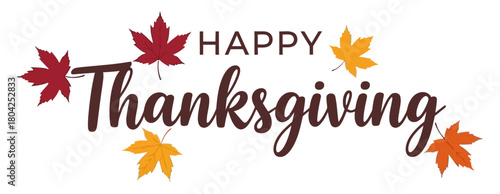 Happy Thanksgiving Design with Autumn Leaves Vector Graphic Illustration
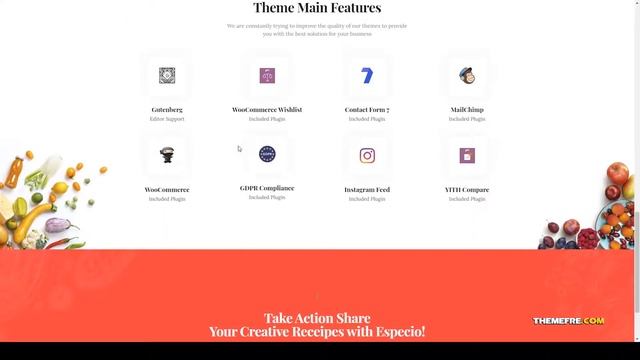 Especio Personal Gutenberg Food Blog WordPress Theme shop blogger Build Website смотреть онлайн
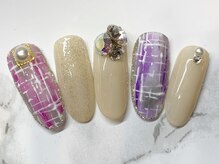 ラリュールネイル(L'Allure nail)/冬ツイードネイル￥8200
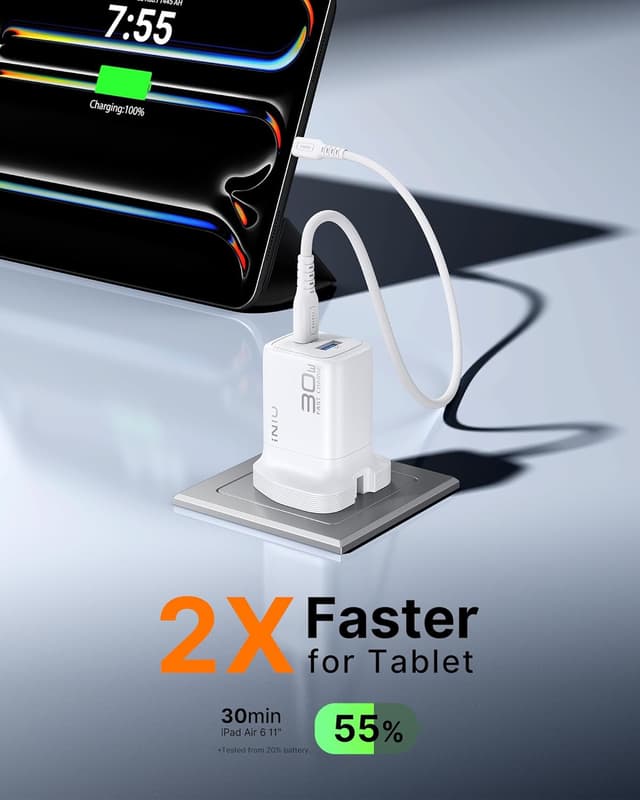 Detalle 2 de INIU USB-C Charger 30W PD Fast Charging (GaN) with Dual Port USB-C + USB-A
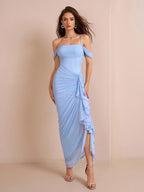 Draped Sleeve Ruched Crisscross Waist Asymmetrical Hem Mesh Dress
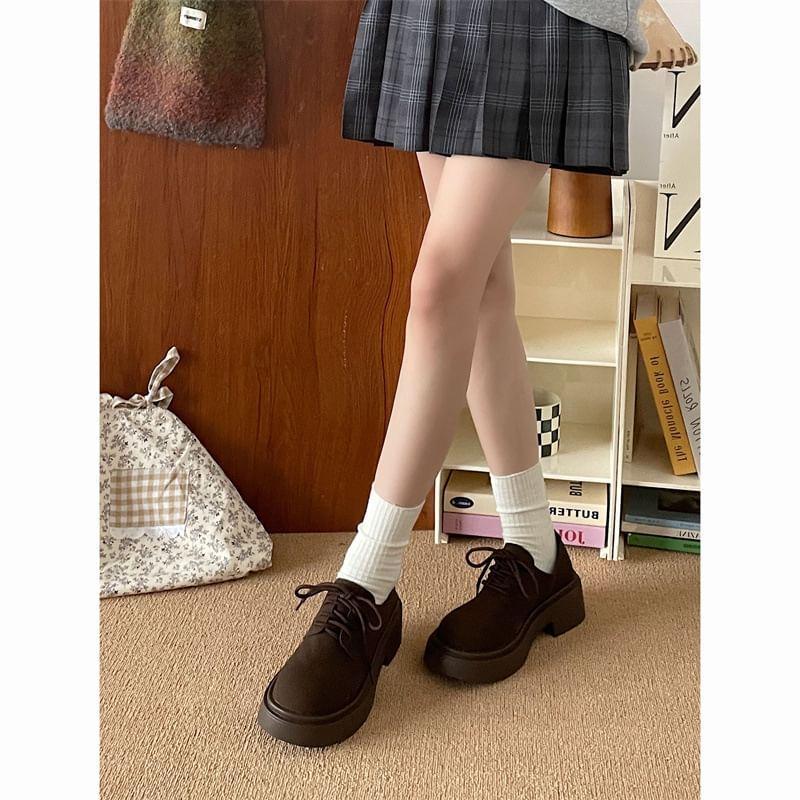 Platform Plain Lace-Up Faux Leather Shoes Product Image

What is being asked: Transcribe every entry word for word, but skip the pictures.

Solution:
 Happy Thanksgiving Design with Autumn Leaves Vector Graphic Illustration
 Especio Personal Gutenberg Food Blog WordPress Theme shop blogger Build Website смотреть онлайн
 ラリュールネイル(L'Allure nail)/冬ツイードネイル￥8200
 Detalle 2 de INIU USB-C Charger 30W PD Fast Charging (GaN) with Dual Port USB-C + USB-A
 Draped Sleeve Ruched Crisscross Waist Asymmetrical Hem Mesh Dress
 Platform Plain Lace-Up Faux Leather Shoes Product Image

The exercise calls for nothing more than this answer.